---- Extracted records

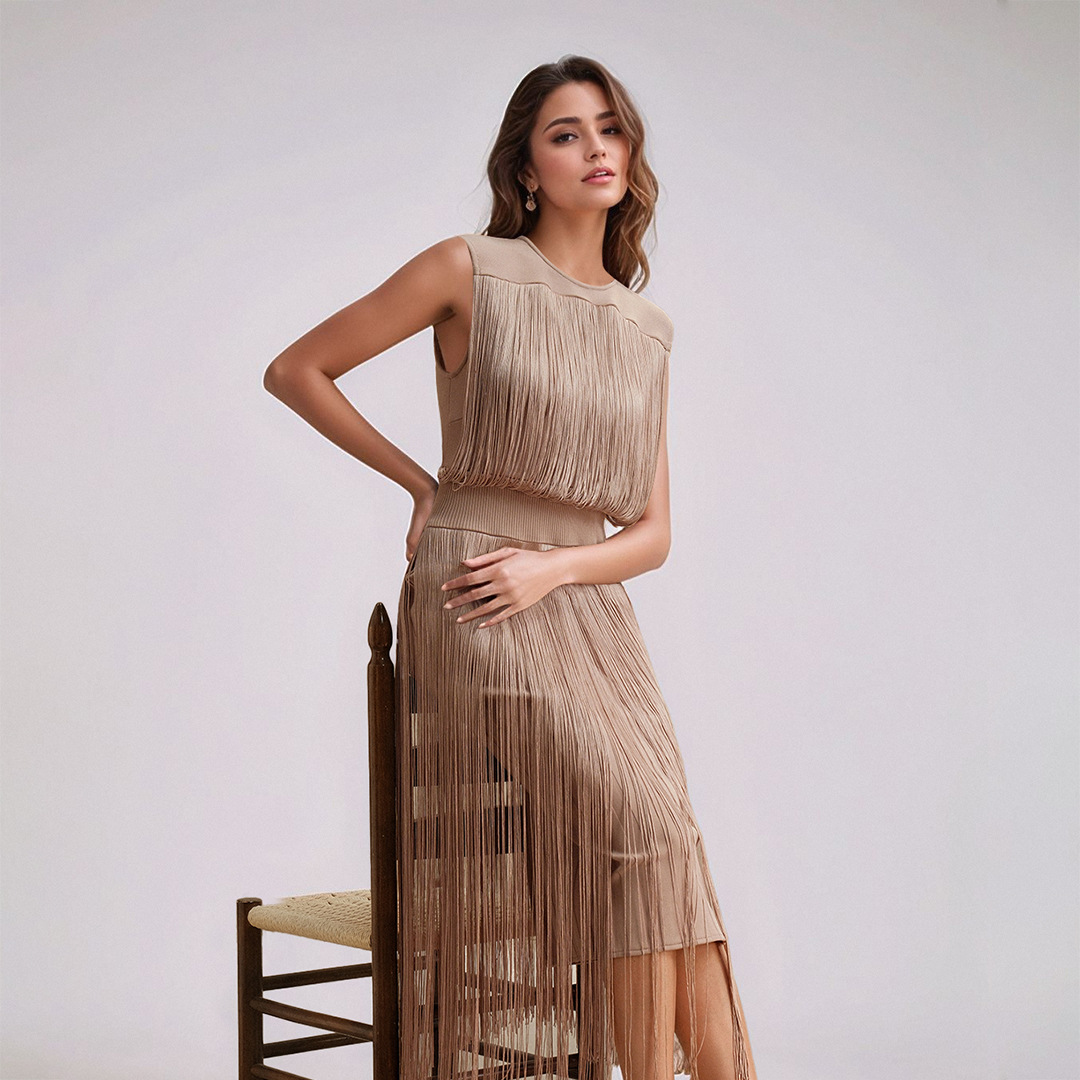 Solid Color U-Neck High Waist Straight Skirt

--------
---- Extracted records

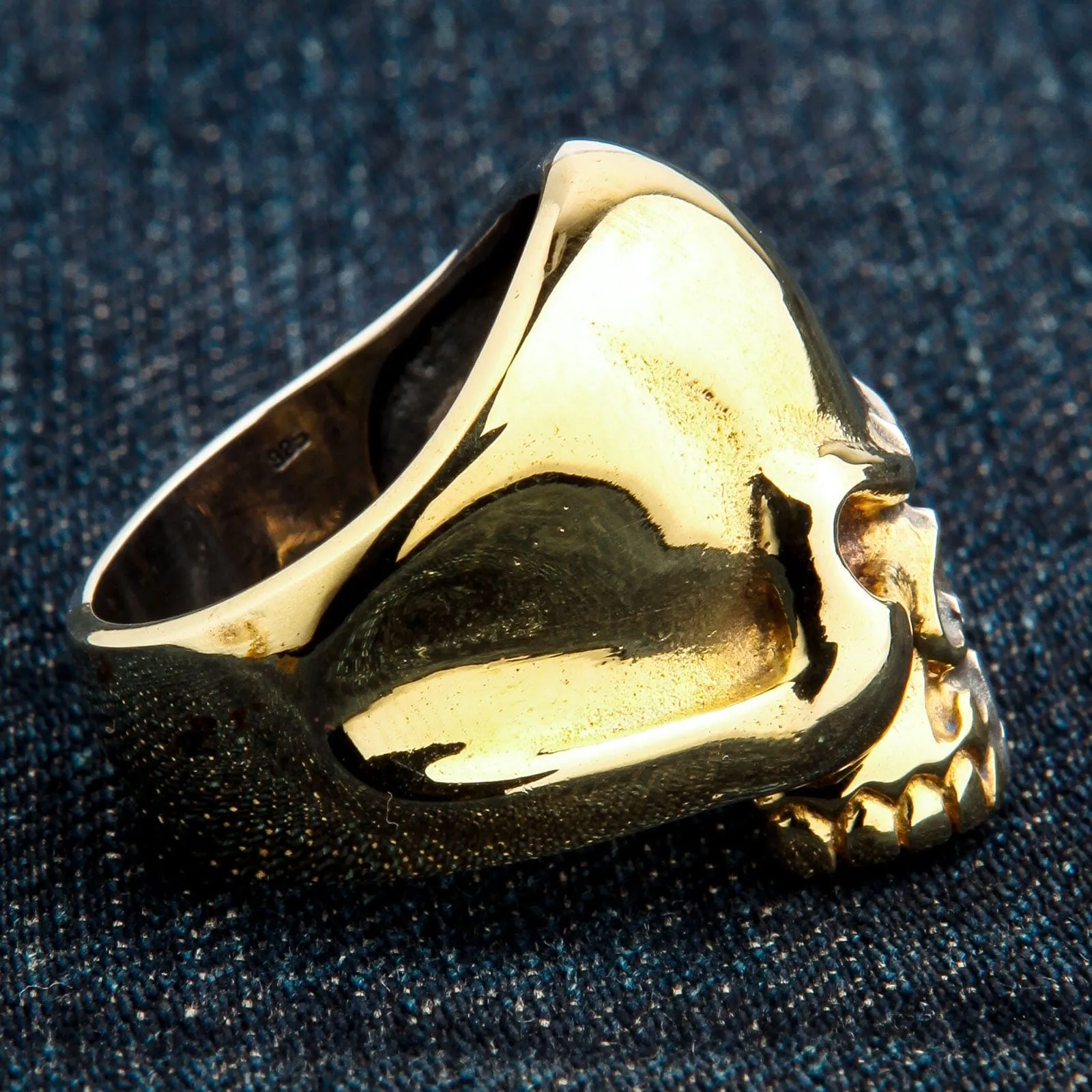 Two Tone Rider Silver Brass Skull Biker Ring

--------
---- Extracted records

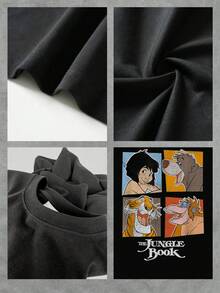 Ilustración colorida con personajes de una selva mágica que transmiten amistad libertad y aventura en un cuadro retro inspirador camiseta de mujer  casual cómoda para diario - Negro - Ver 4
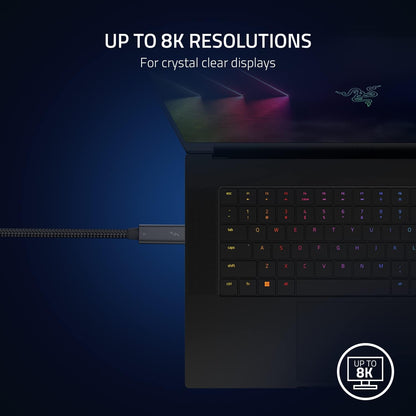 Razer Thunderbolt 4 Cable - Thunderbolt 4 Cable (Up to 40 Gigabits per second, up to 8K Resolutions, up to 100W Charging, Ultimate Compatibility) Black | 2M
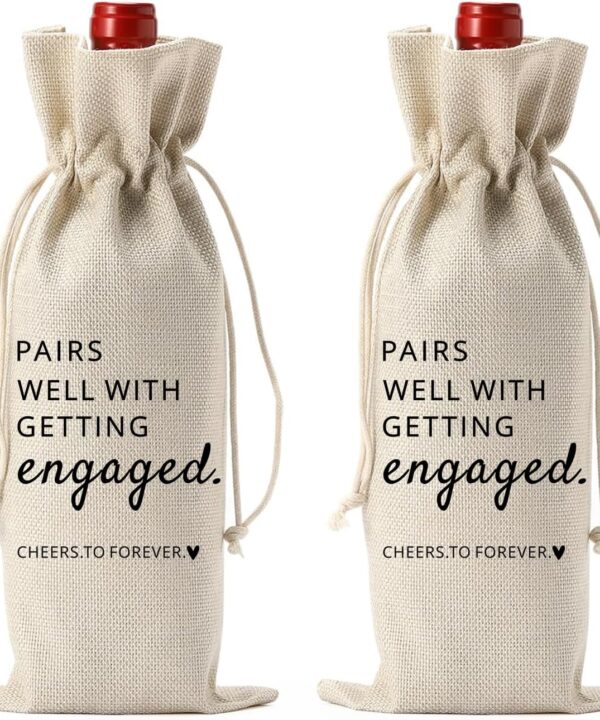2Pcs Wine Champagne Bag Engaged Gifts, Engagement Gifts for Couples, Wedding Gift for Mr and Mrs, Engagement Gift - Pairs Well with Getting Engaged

--------

» Goal of the exercise
Start with the line above containing "Razer Thunderbolt 4" and end with the line containing "2Pcs Wine Champagne". Set down that stretch exactly, without any pictures.

» Task output
 Razer Thunderbolt 4 Cable - Thunderbolt 4 Cable (Up to 40 Gigabits per second, up to 8K Resolutions, up to 100W Charging, Ultimate Compatibility) Black | 2M
2Pcs Wine Champagne Bag Engaged Gifts, Engagement Gifts for Couples, Wedding Gift for Mr and Mrs, Engagement Gift - Pairs Well with Getting Engaged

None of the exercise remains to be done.